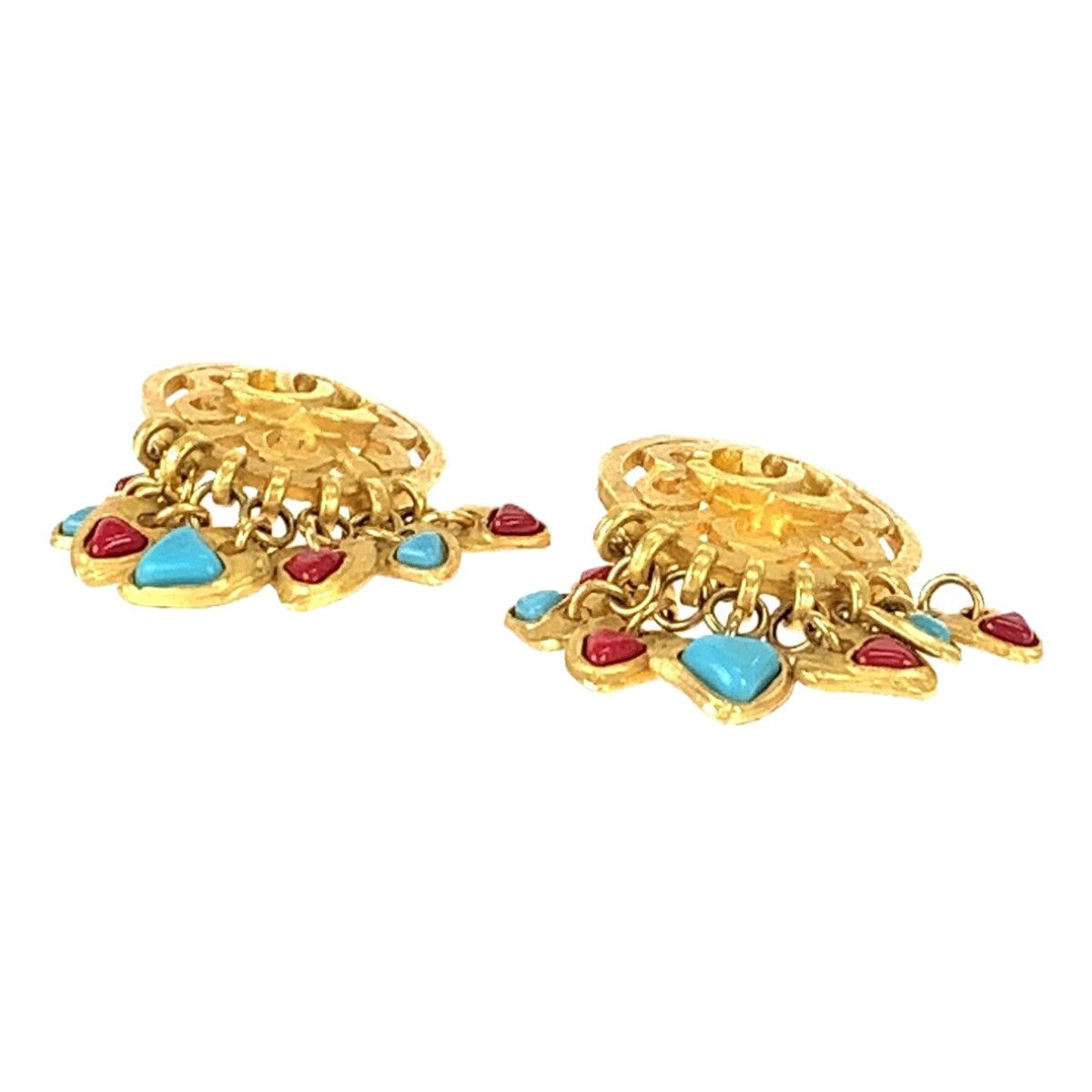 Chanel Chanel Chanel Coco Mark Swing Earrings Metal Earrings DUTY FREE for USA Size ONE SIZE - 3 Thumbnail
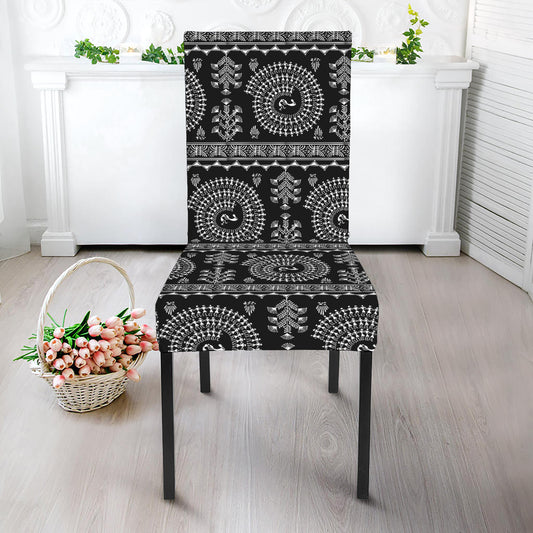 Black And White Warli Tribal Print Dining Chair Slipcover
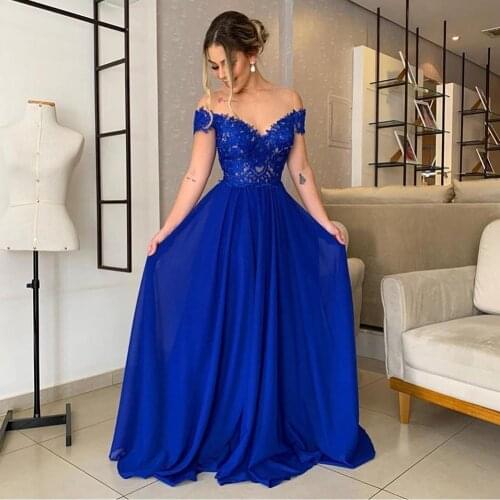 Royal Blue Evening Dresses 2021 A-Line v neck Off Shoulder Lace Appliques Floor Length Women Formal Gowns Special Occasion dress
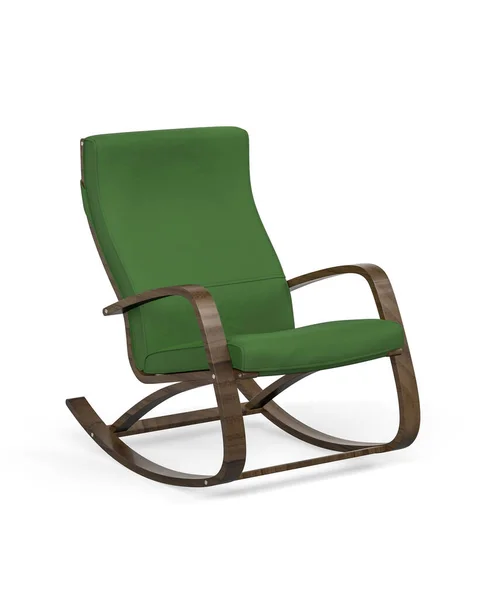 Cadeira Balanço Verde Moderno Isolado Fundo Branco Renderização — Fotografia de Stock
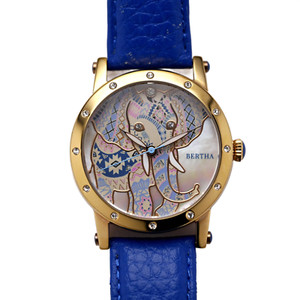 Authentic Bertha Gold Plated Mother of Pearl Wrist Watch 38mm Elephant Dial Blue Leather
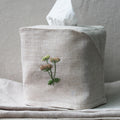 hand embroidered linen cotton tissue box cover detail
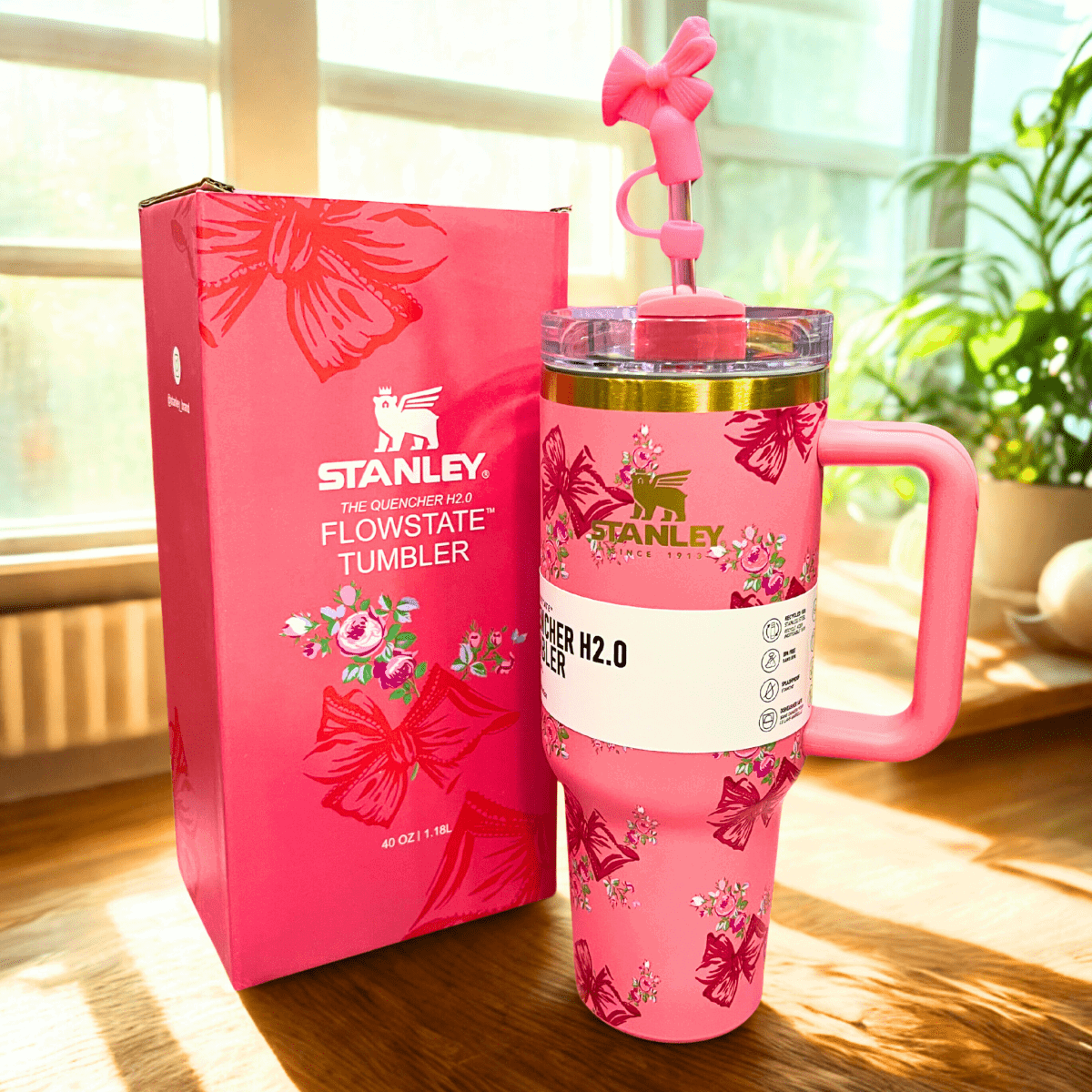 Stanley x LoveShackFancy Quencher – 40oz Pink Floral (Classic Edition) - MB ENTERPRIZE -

# # # # #

* _Work required_:
Write out again, exactly, each line from the one containing "Royal Blue Evening" through the last line of the entries, and omit every picture.

* _Answer to the exercise_:
 Royal Blue Evening Dresses 2021 A-Line v neck Off Shoulder Lace Appliques Floor Length Women Formal Gowns Special Occasion dress
 Cadeira Balanço Verde Moderno Isolado Fundo Branco Renderização — Fotografia de Stock
 Authentic Bertha Gold Plated Mother of Pearl Wrist Watch 38mm Elephant Dial Blue Leather
 hand embroidered linen cotton tissue box cover detail
 Stanley x LoveShackFancy Quencher – 40oz Pink Floral (Classic Edition) - MB ENTERPRIZE -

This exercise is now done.